Lacan, la topologie et Madame Aflalo Henri Roudier, précédé de Topoloufoque par Philippe Grauer

Topoloufoque.

Par Philippe Grauer

« Tout espace compact est normal »

Fascinant la topologie. Le traitement des voisinages peut nous enseigner que, voisines par la dynamique de subjectivation, psychanalyse et psychothérapie relationnelle ont tout intérêt à se tenir les coudes face aux voisins par la médecine et le scientisme, psychologues et psychiatres entraînées par le maelström mondialisateur du DSM. Ça c’est du Monsieur Jourdain maniant la prose.

Agnès Aflalo elle, s’essaie direct à la poésie, elle topologise le lieu du tribunal assignant une historienne à ne pas contrarier une héritière en parlant des rêves de faste catholique de son granthome de père. Il s’agirait du retour du Réel en personne. Le dogmatisme parfois joue des tours. Ainsi nous explique Henri Roudier, qui professe les mathématiques en Prépa à Chaptal, un espace compact de jouissance semble s’être froissé au cours de la manœuvre au point d’induire l’autrice en erreur et de lui faire confondre jouissance et désir.

Quand on la joue Lacan autant la jouer bien. Franchement, on peut s’indifférer de ce que « l’espace de la jouissance sexuelle serait compact » au sens de Borel-Lebesgue, ou que ce soit au sens auquel l’identifie ensuite Lacan comme sous-ensemble fermé borné d’un espace métrique. Car il importe si l’on entreprend de définir les voisinages, de commencer par distinguer les ouverts des fermés – sans oublier qu’il existe des ensembles à la fois ouverts et fermés, ou encore, ni ouverts ni fermés, eh oui. Si rien de tout cela ne vous met en jouissance, c’est peut-être que vous avez raté les préliminaires (ou que vous manquez de désir pour ce genre d’objet, qui sait ? mais ne faites pas comme certains, ne confondez pas tout).

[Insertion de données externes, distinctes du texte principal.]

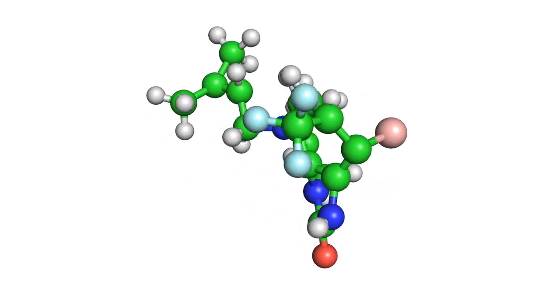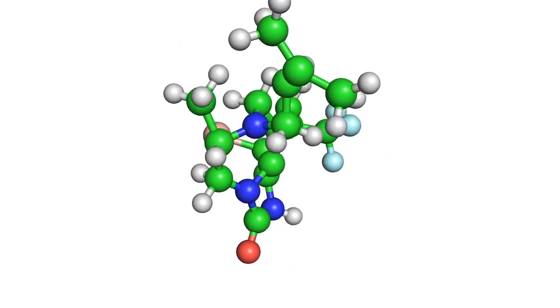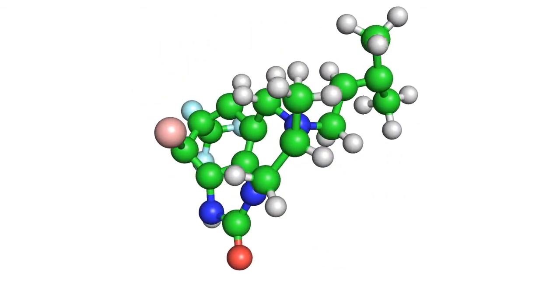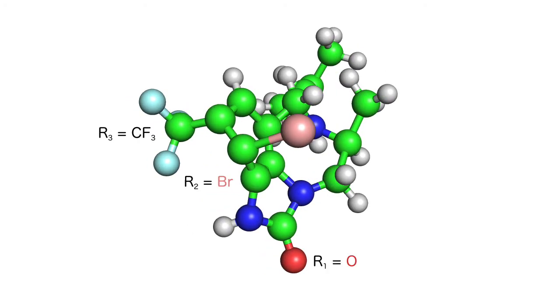And this one has an oxygen for R1 and bromine for R2. That's it for this video, you should now know how to use the basic features of Ligand Reader and Modeler.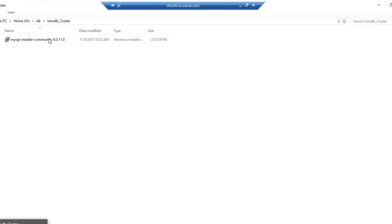Hi and welcome to this video cast about setting up an InnoDB cluster using the Windows installer within minutes. This is solely for testing purposes and should not be used as a production deployment.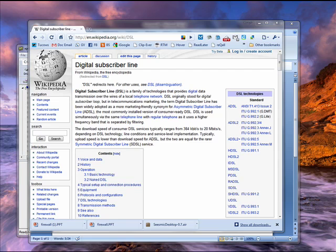Hi, this is Mike Callahan, Dr. File Finder, and welcome to your Butterscotch.com tutorial on what is DSL.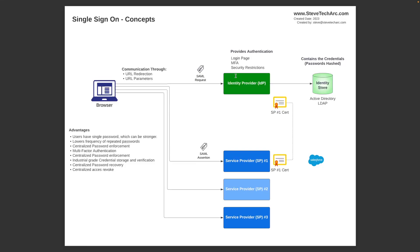So key elements for single sign-on are going to be the IDP that could be Salesforce, that could be an industrial grade identity provider. You typically will have multiple service providers which could be Salesforce. They'll set up a relationship between a service provider and an IDP using a digital certificate and sets of configuration. There'll be an exchange of SAML requests and SAML responses. We'll be going to those in a subsequent video. And there is an identity store.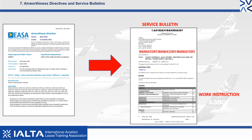The AD will refer the airline, or owner, to the condition and will not contain a work instruction. It will usually refer to another document, such as a service bulletin, or SB, which will contain the work instruction.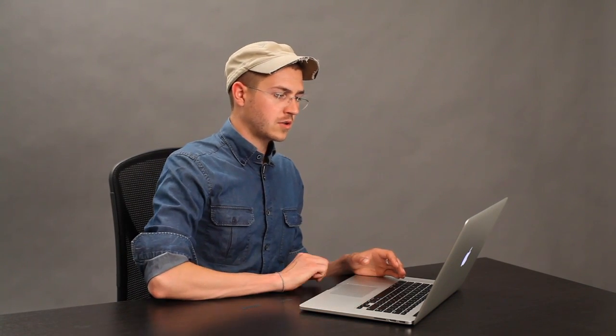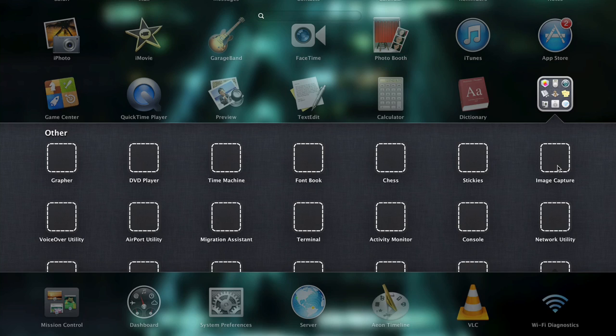That said, let's say you do want to disable output. You can use Launchpad to access your utilities — it's in this little other box right here. Click that and you're looking for Audio MIDI Setup right here.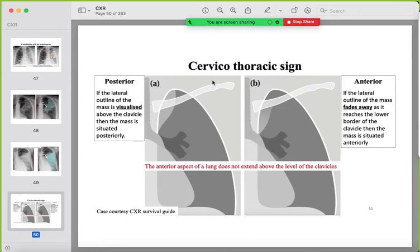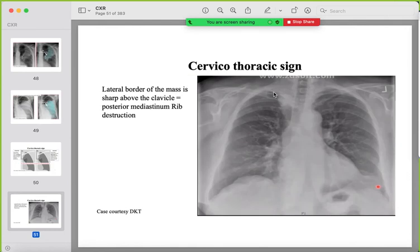The cervicothoracic sign occurs with an upper lung zone mass. If the lateral border of the mass is sharp above the clavicle, the mass is in the posterior mediastinum. If the lateral border fades away above the clavicle, it is in the anterior mediastinum. Example: a right upper lung zone mass with a sharp lateral border above the clavicle indicates a posterior mediastinal mass; rib destruction at the second rib posteriorly may also be seen.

En tout cas depuis Musset on sait qu’à l’instar d’une porte il faut qu’un espace soit ouvert ou fermé. Mais s’il importe à qui entreprend d’aborder les voisinages de commencer par distinguer les ouverts des fermés, qu’il y regarde à deux fois avant de s’y risquer car c’est plus compliqué que cela ! Qu’ainsi par métaphorisation on se retrouve avec un espace de la jouissance sexuelle compact (et non compacte, attention ! ni opaque bien entendu), cela ouvre à certains des espèces de béances sur une méditation qui ne manque pas d’abstraction concernant le dispositif de jouir, jouir encore plus et la suite.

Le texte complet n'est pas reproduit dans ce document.